▶ [Activity]:
Nothing but the lines from the one including "3 Days Tour" through the last line of the entries, restated exactly, should appear in the answer; omit the pictures.

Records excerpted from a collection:
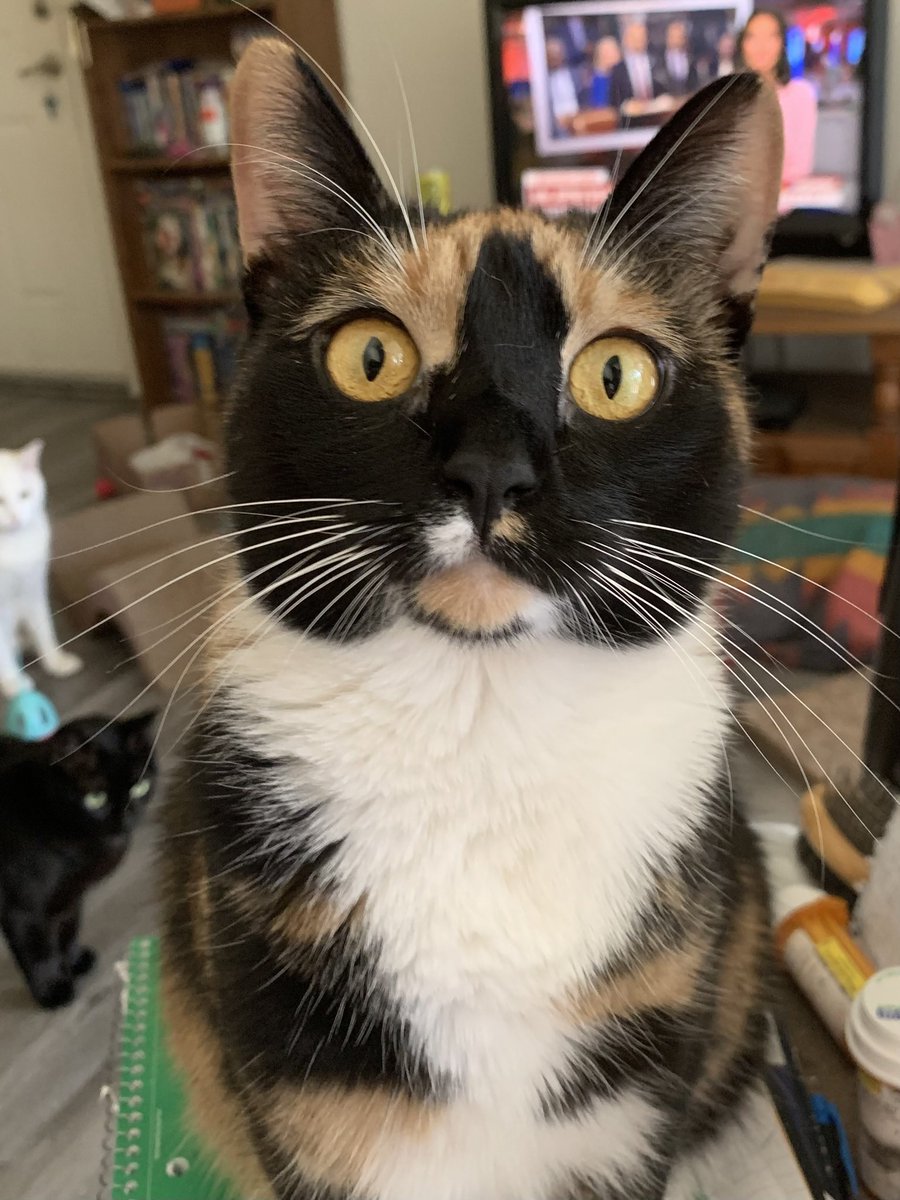 BarbaraDonato17's tweet photo. @MissyBBBobtail Hi there . You have some fabulous whiskers.  
✌🏽❤️  Roo . https://t.co/tvZMWJI9zu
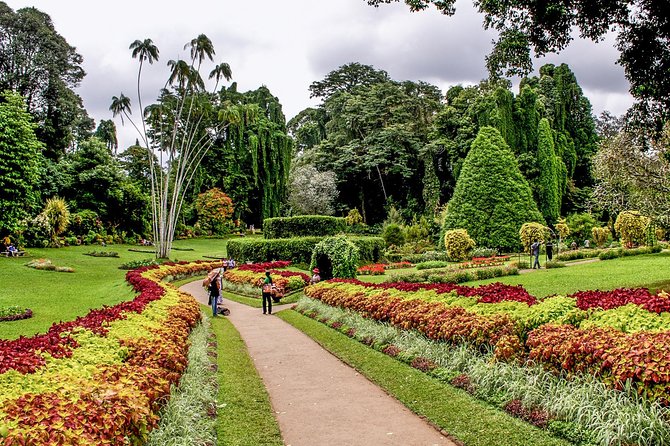 3 Days Tour to Kandy, Nuwara Eliya & Sigiriya - Transport, hotels, and what you pay extra
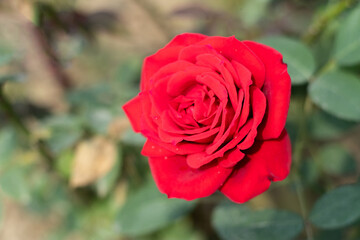 Rose flowers vary in size and shape and beautiful flower in the world
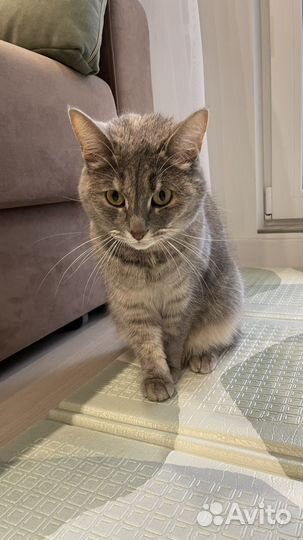 Кошка в добрые руки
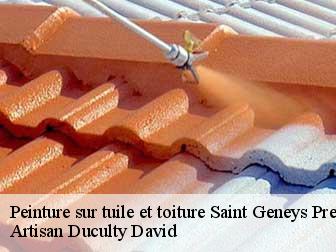 Peinture sur tuile et toiture 43350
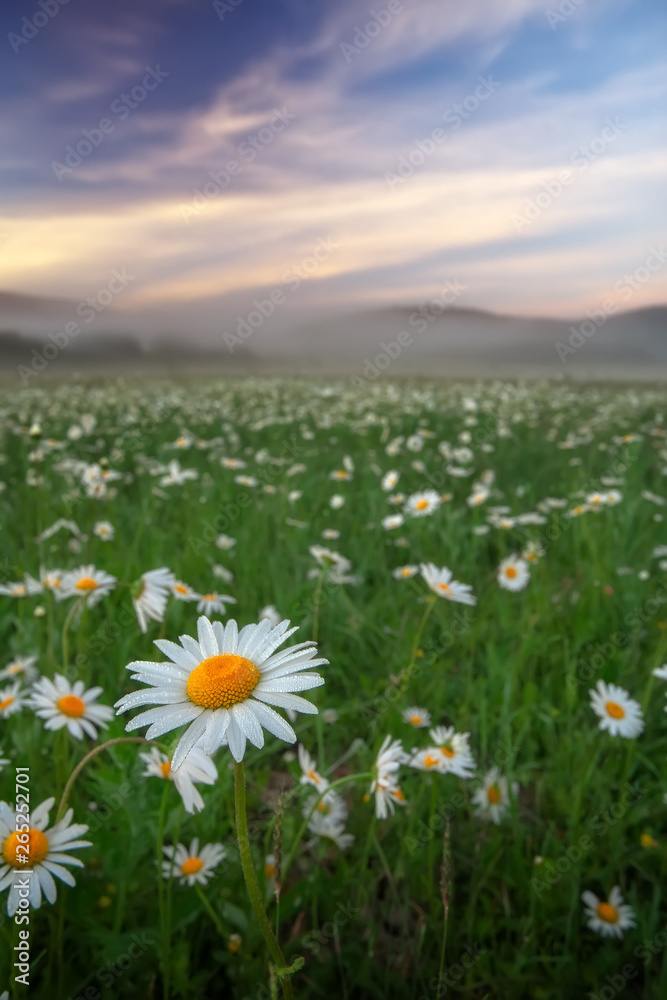 Daisies in the field near the mountains. Meadow with flowers and fog at sunset.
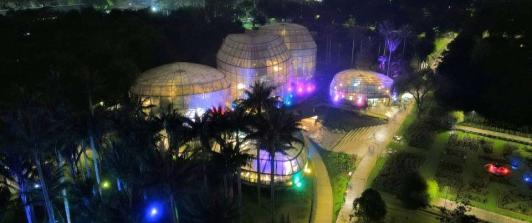 Alumbrados navideños: Jardín Botánico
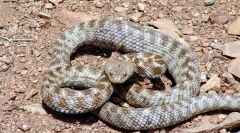 A világ legveszélyesebb kígyóinak 10 legjobbja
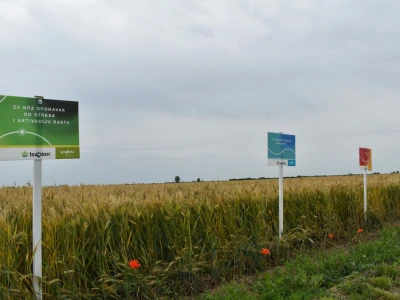 Syngenta lokalni dan polja u Krndiji
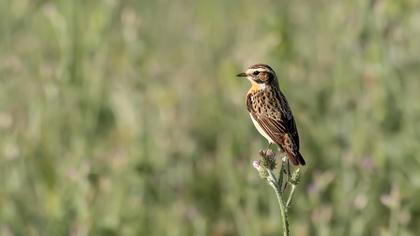 Whinchat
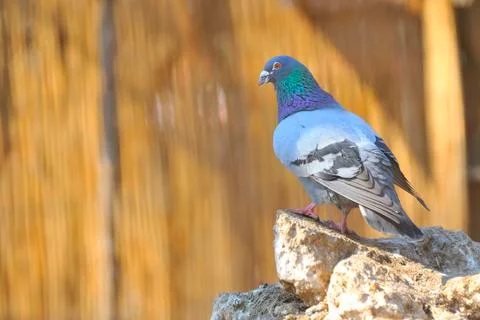 Pigeon on rocks Stock Photos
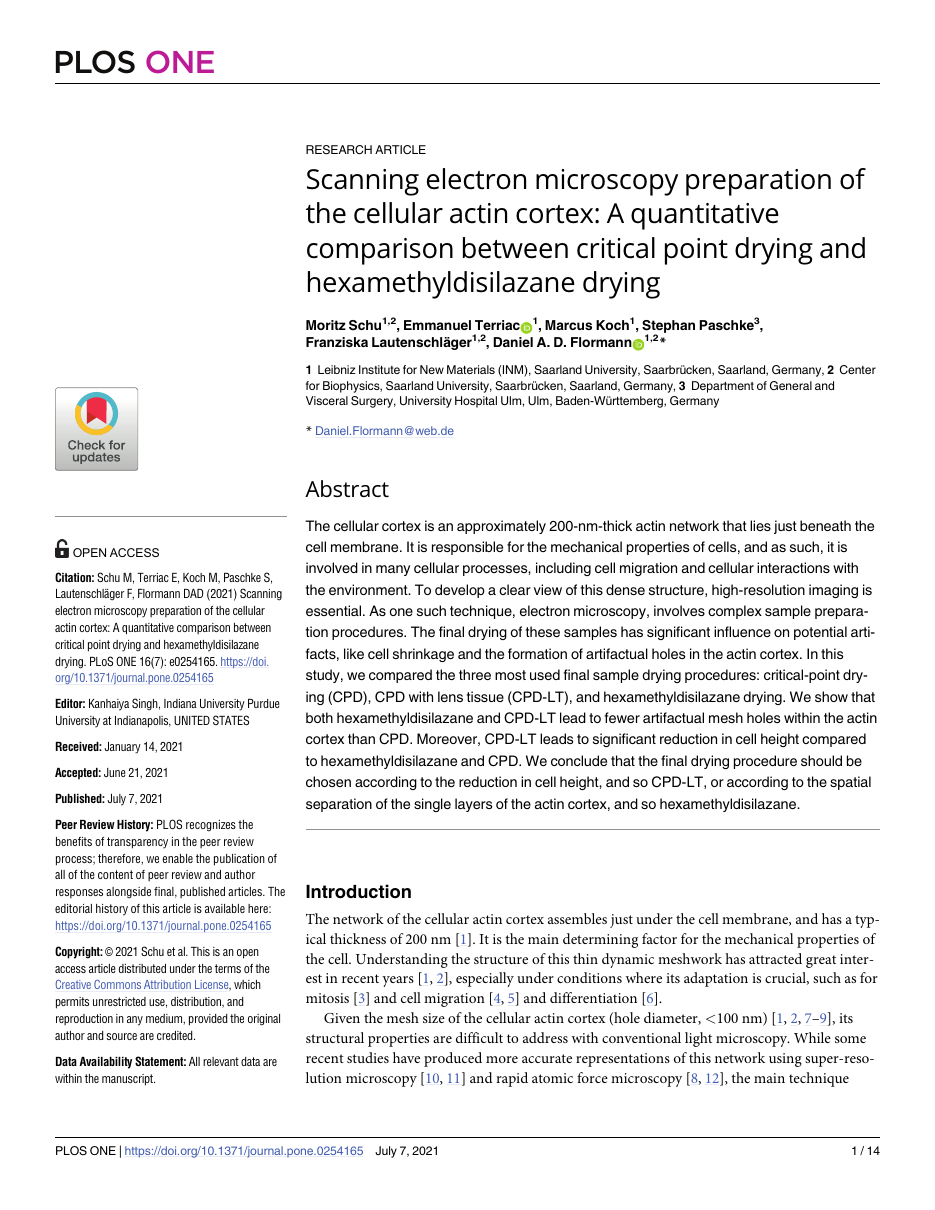 Scanning Electron Microscopy Preparation of the Cellular Actin Cortex: A Quantitative Comparison Between Critical Point Drying and Hexamethyldisilazane Drying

▶ [Response area]:
 3 Days Tour to Kandy, Nuwara Eliya & Sigiriya - Transport, hotels, and what you pay extra
 Rose flowers vary in size and shape and beautiful flower in the world
 Кошка в добрые руки
 Peinture sur tuile et toiture 43350
 Daisies in the field near the mountains. Meadow with flowers and fog at sunset.
 Alumbrados navideños: Jardín Botánico
 A világ legveszélyesebb kígyóinak 10 legjobbja
 Syngenta lokalni dan polja u Krndiji
 Whinchat
 Pigeon on rocks Stock Photos
 Scanning Electron Microscopy Preparation of the Cellular Actin Cortex: A Quantitative Comparison Between Critical Point Drying and Hexamethyldisilazane Drying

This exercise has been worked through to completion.